[Server-devel] Pungi minimal installer, comps.xml trick
Jerry Vonau
jvonau at shaw.ca
Wed Aug 27 17:18:00 EDT 2008
Jeff wrote:
> On 27 Aug 2008, at 4:09 PM, Jerry Vonau wrote:
>
>> Jeff wrote:
>>> On 27 Aug 2008, at 10:21 AM, Martin Langhoff wrote:
>>>
>>>> On Wed, Aug 27, 2008 at 7:52 PM, Jeff <jeff at wildcoast.com> wrote:
>>>>> Why? What's wrong with writing the image to a DVD?
>>>>
>>>> Don't worry about the CD :-)
>>>
>>> But I do. I'm worried that you may be applying first world standards and
>>> expect the deployment sites to run off and download, oh for example,
>>> Java, GCC, and a bunch of other essential tools, whereas the install
>>> distro should include them as a matter of course.
>>>
>> On what is more or less a pre-configured setup? Why, what is missing
>> from the stock build?
>
> I don't know yet. I'm busy downloading the ISO on an Edge connection.
> 6h45 remaining, and about half my cap : (
>
> My knee-jerk was why the install image should be restricted to a single CD.
>
Bandwidth maybe? ~500meg to get up and running. You want to add on
packages it's on your bill only...
>> Compiling should never be done on a server IMHO that is what your
>> workstation is for. If the server was cracked, I'm not going to give it
>> more tools to do more damage.
>
> Fair point.
>
>>> So I'm asking again: why a single CD? This isn't Ubuntu shipping off a
>>> million copies of the latest distro for free, so why the self-imposed
>>> minimalist constraint?
>>>
>>
>> Once the rpm is cleaned up I can see it becoming part of fedora much
>> like what LTSP has done.
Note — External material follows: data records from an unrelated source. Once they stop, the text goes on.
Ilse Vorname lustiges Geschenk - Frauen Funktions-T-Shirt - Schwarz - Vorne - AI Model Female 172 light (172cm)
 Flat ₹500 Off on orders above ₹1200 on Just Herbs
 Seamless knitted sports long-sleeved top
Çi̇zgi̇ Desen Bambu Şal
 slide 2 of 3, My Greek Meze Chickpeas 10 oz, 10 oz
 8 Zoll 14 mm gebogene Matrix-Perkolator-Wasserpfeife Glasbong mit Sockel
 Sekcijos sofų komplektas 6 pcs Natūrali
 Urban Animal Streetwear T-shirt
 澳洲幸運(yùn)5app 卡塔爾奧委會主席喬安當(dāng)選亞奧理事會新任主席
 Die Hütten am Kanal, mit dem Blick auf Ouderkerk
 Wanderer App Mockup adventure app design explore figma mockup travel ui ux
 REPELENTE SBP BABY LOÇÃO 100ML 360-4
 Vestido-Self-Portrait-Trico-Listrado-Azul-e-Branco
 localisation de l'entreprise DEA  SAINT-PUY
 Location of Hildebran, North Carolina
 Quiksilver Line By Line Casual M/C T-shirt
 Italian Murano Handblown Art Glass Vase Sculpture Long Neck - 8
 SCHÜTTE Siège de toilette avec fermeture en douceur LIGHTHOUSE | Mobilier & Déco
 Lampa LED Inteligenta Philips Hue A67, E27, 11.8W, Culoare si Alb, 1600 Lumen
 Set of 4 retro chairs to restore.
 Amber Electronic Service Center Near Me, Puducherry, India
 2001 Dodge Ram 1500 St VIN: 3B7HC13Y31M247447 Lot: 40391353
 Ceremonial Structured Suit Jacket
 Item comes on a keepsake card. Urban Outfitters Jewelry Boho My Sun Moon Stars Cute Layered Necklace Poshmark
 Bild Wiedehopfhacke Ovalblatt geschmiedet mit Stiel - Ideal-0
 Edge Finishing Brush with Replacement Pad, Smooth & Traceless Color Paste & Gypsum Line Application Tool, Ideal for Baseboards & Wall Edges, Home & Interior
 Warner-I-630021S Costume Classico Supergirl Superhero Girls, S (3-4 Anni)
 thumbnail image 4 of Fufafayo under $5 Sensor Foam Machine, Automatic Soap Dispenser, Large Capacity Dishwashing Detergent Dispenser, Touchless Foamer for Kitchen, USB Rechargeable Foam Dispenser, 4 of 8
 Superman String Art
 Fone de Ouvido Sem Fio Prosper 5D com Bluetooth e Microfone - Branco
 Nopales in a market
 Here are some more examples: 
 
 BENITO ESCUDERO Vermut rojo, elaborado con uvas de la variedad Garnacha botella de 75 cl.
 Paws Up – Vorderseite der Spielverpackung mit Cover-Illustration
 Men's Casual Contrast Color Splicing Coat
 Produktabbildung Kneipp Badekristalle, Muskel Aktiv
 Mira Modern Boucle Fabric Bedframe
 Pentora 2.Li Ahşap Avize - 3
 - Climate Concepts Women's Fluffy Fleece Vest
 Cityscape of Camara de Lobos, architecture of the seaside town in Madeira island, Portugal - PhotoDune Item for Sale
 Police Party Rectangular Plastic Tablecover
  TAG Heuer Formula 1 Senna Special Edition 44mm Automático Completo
This is a "spin" of fedora, not a distro, your
>> free to install what you like, but that is your choice, not everybody's.
>
> That makes sense, thanks. but unless I misunderstand, there are 2 things
> going on here:
>
> 1. a live/install image with FC7 and OLPC/XS packages preselected
> 2. separate OLPC/XS rpm packages which will be downloadable from Fedora
> or OLPC repositories
>
Well yes, the xs-rpms form the bases of the livecd. The livecd was
chosen for the initial roll-out. Now comes the work of upgrading to F9,
and livecd don't do upgrades on existing installs. The upgrade/install
cd that is coming will have what is needed to upgrade a stock xs install
or do a fresh one.
If you already have fedora install disks, you could have a kickstart
file with the XS repo enabled, list xs-config and friends rpms to be
installed, even on a dvd/cd based install, downloading just the XS stuff
from the net.
> I still don't see the point of being restricted to CD when that means
> throwing out packages which may (or may not) be useful on school servers
> in remote areas.
>
Your not restricted, you can install what you want from a fedora repo,
install disk, or your own repo, just later. If you think something
should be included by default speak up, it's an open forum.
> OTOH access to package repositories could be a regionalized function
> along with the provision of library material, I guess.
>
Sure, just make it into an rpm, different content, different rpm.
Install what you like/need.
> Sorry if I'm OT: my main interest is content and use case scenarios for
> XS-XO deployments which can also be implemented for the current rollout
> of NetDay servers in SA. Kind of a dual purpose mission. Can't seem to
> find much on the wiki about the XS Library, though. (Pointers will be
> much appreciated.)
>
Sorry, can't help there..
> Anyway. I hope I can help out here somewhere, somehow.